### [Source data]
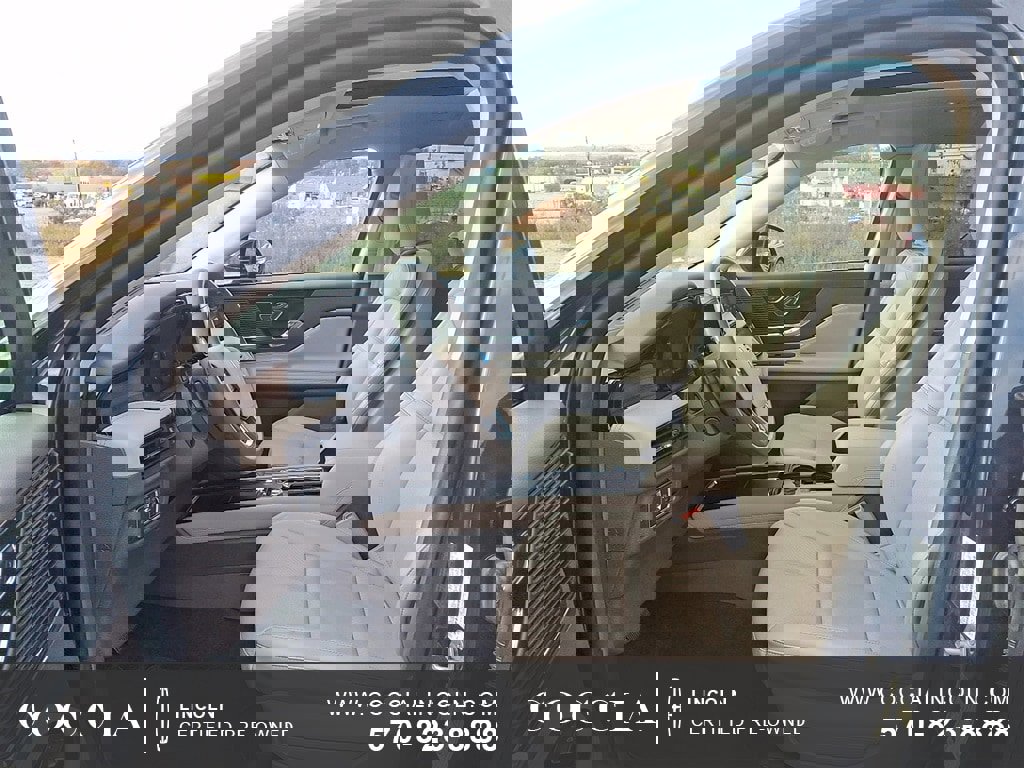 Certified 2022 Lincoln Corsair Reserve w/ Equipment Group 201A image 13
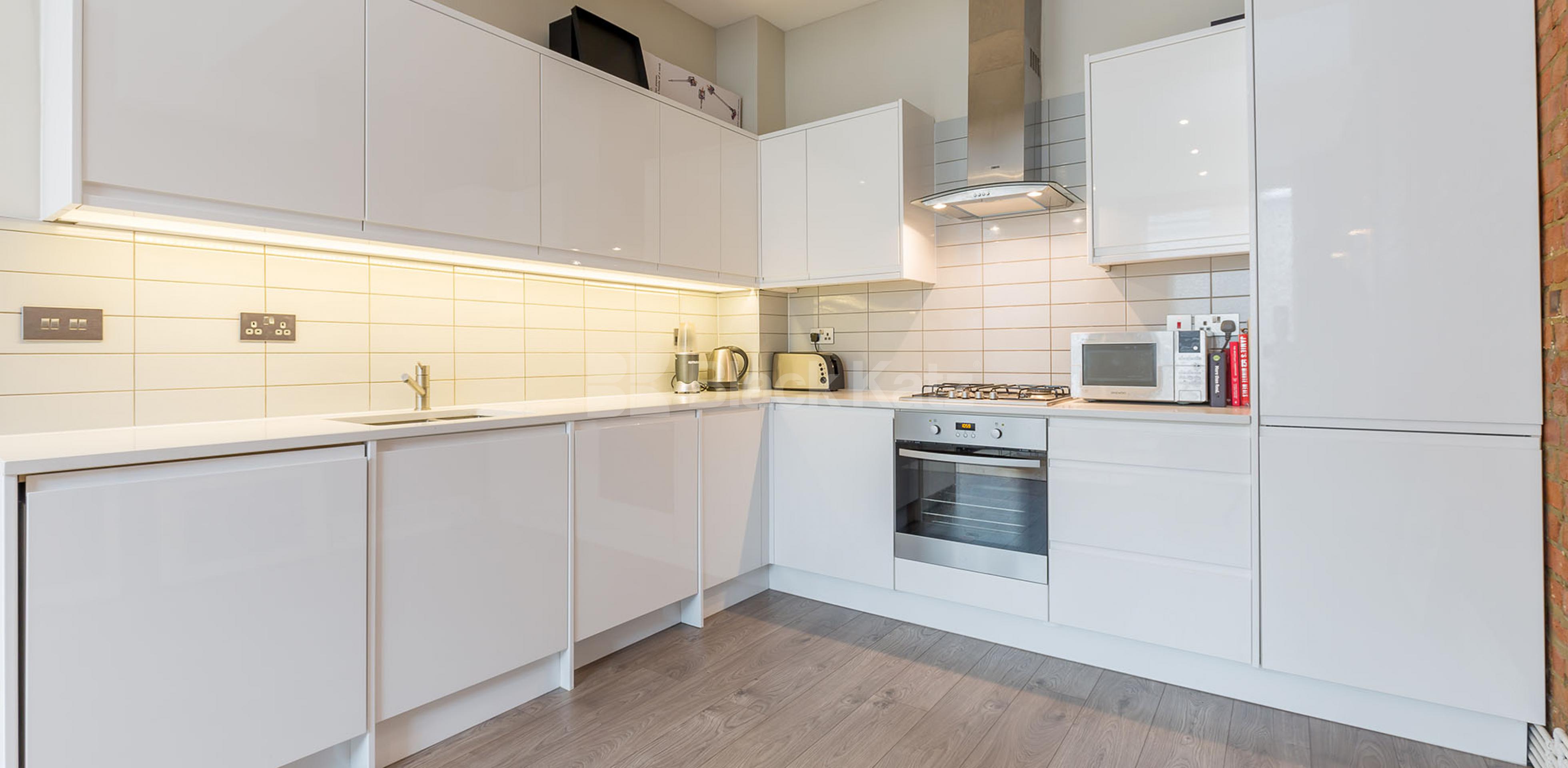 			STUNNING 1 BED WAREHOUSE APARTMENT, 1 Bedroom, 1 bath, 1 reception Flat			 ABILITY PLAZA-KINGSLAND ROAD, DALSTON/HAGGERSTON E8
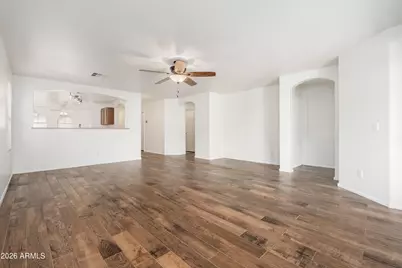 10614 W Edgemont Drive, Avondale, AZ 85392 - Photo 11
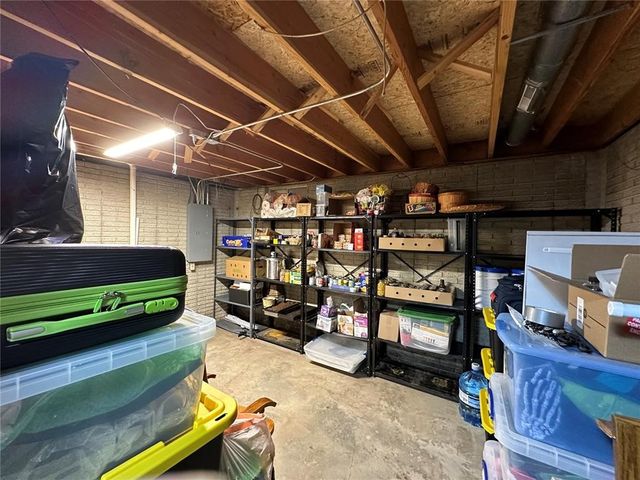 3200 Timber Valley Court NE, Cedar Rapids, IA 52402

### [Activity]
Write out exactly the lines from the one that contains "STUNNING 1 BED" through the last line of the data above, both included. Leave every picture out.

### [Solution to this problem]
 			STUNNING 1 BED WAREHOUSE APARTMENT, 1 Bedroom, 1 bath, 1 reception Flat			 ABILITY PLAZA-KINGSLAND ROAD, DALSTON/HAGGERSTON E8
 10614 W Edgemont Drive, Avondale, AZ 85392 - Photo 11
 3200 Timber Valley Court NE, Cedar Rapids, IA 52402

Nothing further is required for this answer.